Hidratos de carbono, simples y complejos

Podemos distinguir entre hidratos de carbono simples y complejos. Los simples son azúcares que se digieren rápidamente y se convierten en glucosa. Estos pueden ser una buena opción antes o después de realizar actividad física, ya que proporcionan energía de forma inmediata. La fructosa, carbohidratos simples presentes de forma natural en la mayoría de frutas y verduras, suponen un aporte nutricional beneficioso para el organismo.

Muchas personas tienen un mal concepto de los hidratos de carbono simples. Esto es porque popularmente se relacionan con el desarrollo de ciertas enfermedades como la diabetes o el colesterol. ¿Por qué?

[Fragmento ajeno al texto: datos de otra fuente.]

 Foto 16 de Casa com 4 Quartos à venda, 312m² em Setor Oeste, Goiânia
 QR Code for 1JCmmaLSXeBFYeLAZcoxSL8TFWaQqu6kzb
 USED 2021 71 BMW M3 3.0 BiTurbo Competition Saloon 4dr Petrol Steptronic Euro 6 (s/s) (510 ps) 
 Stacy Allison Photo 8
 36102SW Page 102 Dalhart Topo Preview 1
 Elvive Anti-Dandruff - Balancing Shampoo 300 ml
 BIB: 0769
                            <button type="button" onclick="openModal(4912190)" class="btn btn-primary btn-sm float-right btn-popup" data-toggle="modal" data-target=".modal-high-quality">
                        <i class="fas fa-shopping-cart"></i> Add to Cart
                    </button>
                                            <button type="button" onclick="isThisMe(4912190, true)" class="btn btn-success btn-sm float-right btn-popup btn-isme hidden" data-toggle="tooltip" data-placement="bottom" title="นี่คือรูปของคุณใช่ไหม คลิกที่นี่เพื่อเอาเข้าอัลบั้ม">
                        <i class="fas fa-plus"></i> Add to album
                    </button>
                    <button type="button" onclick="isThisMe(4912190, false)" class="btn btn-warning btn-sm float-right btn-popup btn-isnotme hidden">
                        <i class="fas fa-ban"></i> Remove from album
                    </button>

Existen alimentos refinados y procesados que contienen carbohidratos simples y que pueden resultar perjudiciales para la salud. Algunos de ellos son los refrescos azucarados, la bollería industrial o, sin ir más lejos, el azúcar común. Por este motivo, es necesario que optemos por los carbohidratos simples en su versión más saludable y nutritiva, en lugar de los ultra procesados. De esta manera estamos tomando decisiones inteligentes y optando por aquellas opciones que nos reporten salud y riqueza nutritiva.

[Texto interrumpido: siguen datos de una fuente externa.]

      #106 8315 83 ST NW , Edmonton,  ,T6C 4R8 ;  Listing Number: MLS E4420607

Por otro lado, los hidratos de carbono complejos, son ricos en fibra, vitaminas y minerales. En este caso, nuestro cuerpo tarda más tiempo en asimilarlos, evitando así picos de azúcar en sangre. Los alimentos que nos ofrecen este tipo de carbohidratos son las patatas, legumbres o cereales integrales, entre otros.

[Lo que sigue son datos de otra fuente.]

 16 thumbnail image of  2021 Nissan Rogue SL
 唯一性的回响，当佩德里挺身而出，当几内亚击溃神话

Los hidratos de carbono, ¿engordan?

Esta es una de las preguntas más frecuentes en relación con los hidratos de carbono. Y es que estos tienen fama de engordar y por este motivo muchas personas los temen y acaban por descartarlos. Esta decisión sin fundamento y tomada de forma espontánea no es saludable, ya que los carbohidratos tienen una función importante en el organismo. En conclusión a esta duda común, podríamos determinar que los hidratos de carbono no engordan, sino excederse en la ingesta de calorías diarias.

Es fundamental llevar a cabo un estilo de vida activo en el que destinemos parte del día a practicar ejercicio. Y no solo hacerlo de forma aislada, sino caminar siempre que sea posible y optar por alternativas que impliquen el movimiento de nuestro cuerpo. Así, lograremos consumir la energía necesaria evitando que los hidratos acaben almacenándose en nuestro cuerpo en forma de grasa. Una vida sedentaria y, en consecuencia, no quemar las calorías consumidas es lo que puede dar lugar a un aumento de peso.